Bagi mahasiswa yang baru belajar tentang
hukum tentu sangat bermanfaat jika disodori definisi atau pengertian hukum
sebelum mengetahui dan mempelajari filsafat hukum.
MacIver menggambarkan masyarakat sebagai
sarang laba-laba, karena di dalamnya terdapat berbagai kaidah yang mengatur
hubungan antarindividu yang bertujuan untuk menciptakan kedamaian, ketertiban,
dan kesejahteraan.[1]
Kaidah/norma sengaja diciptakan agar tidak terjadi benturan-benturan dalam
masyarakat,
terutama anatara kepentingan-kepentingan yang saling berlawanan.
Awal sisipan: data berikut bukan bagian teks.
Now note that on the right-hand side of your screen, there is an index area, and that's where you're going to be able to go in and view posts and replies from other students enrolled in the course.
Dengan adanya kepentingan-kepentingan yang berbeda dan saling berlawanan,
terciptalah 4 (empat) kaedah/norma, yaitu: kaedah kepercayaan (keagamaan),
kaedah kesusilaan, kaedah sopan santun (adat), dan kaedah hukum.[2]
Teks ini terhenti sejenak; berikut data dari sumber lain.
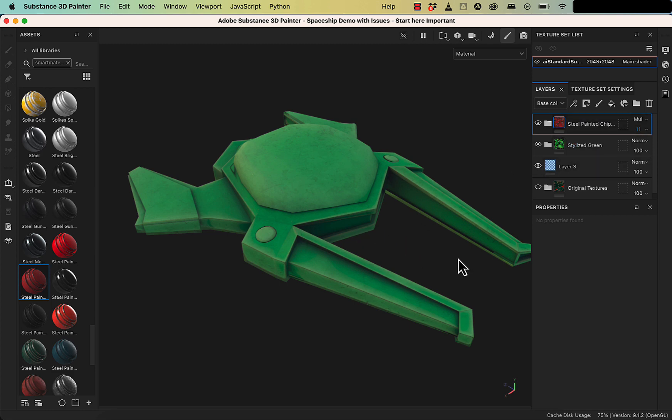So last thing I wanted to show you is just how to paint individual pieces — I'll show you that in the next video. Thanks, class.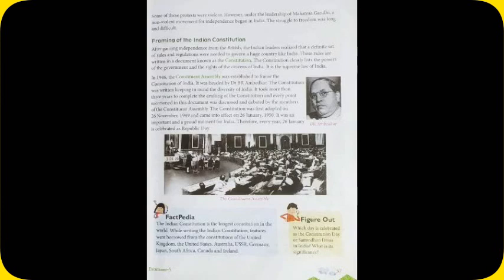Next topic: framing of the Indian constitution. After gaining independence from the British, the Indian leaders realized that a definite set of rules and regulations were needed to govern a huge country like India. These rules are written in a document known as the constitution. The constitution clearly lists the powers of the government and the rights of the citizens of India. It is the supreme law of India.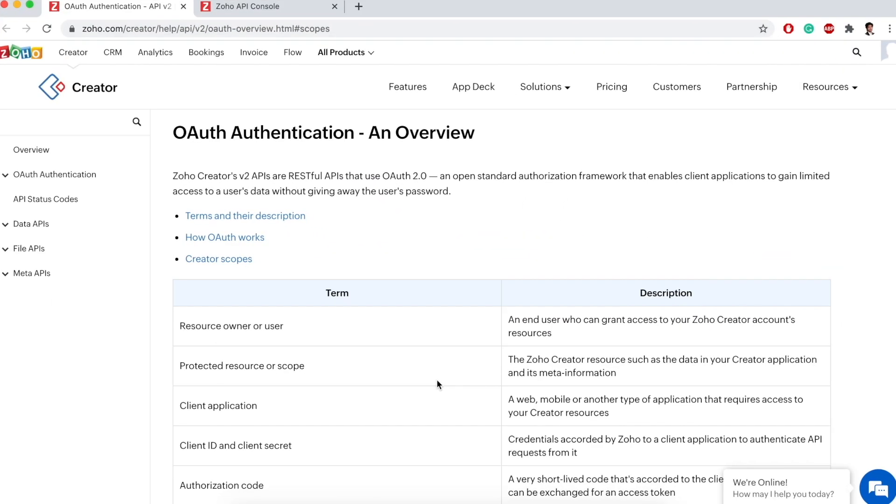Hello everyone, in this video we're going to talk about how to connect your third-party application with Zoho Creator or any other Zoho service.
Dari ke-4 kaedah/norma tersebut hanya kaedah hukum-lah yang lebih melindungi
kepentingan-kepentingan manusia yang sudah dan belum mendapat perlindungan dari
ketiga kaedah tersebut, dengan alasan sebagai berikut:
a.
Dari segi tujuan, kaedah hukum
ditujukan kepada pelaku yang konkrit, untuk ketertiban masyarakat, agar jangan
sampai jatuh korban.
b.
Dari segi isi, kaedah hukum ditujukan
kepada sikap lahir.
c.
Dari segi asal-usul, berasal dari
kekuasaan luar yang memaksa.
d.
Dari segi sanksi, berasal dari
masyarakat secara resmi.
e.
Dari segi daya kerja, membebani
kewajiban dan memberikan hak.
Dengan melihat gambaran mengenai kaedah
hukum sebagaimana telah diuraikan tersebut, rasanya masih terlalu sulit untuk
mendefinisikan hukum, karena memang tidak ada satu pun sarjana yang dapat
membuat pengertian atau definisi hukum secara sempurna. Tentu saja, untuk
mendefinisikan hukum bukanlah pekerjaan yang mudah dan ini terkait dengan
perkembangan sejarah hukum dan aliran-aliran dalam filsafat hukum yang tentunya
dapat mempengaruhi pengertian dari hukum.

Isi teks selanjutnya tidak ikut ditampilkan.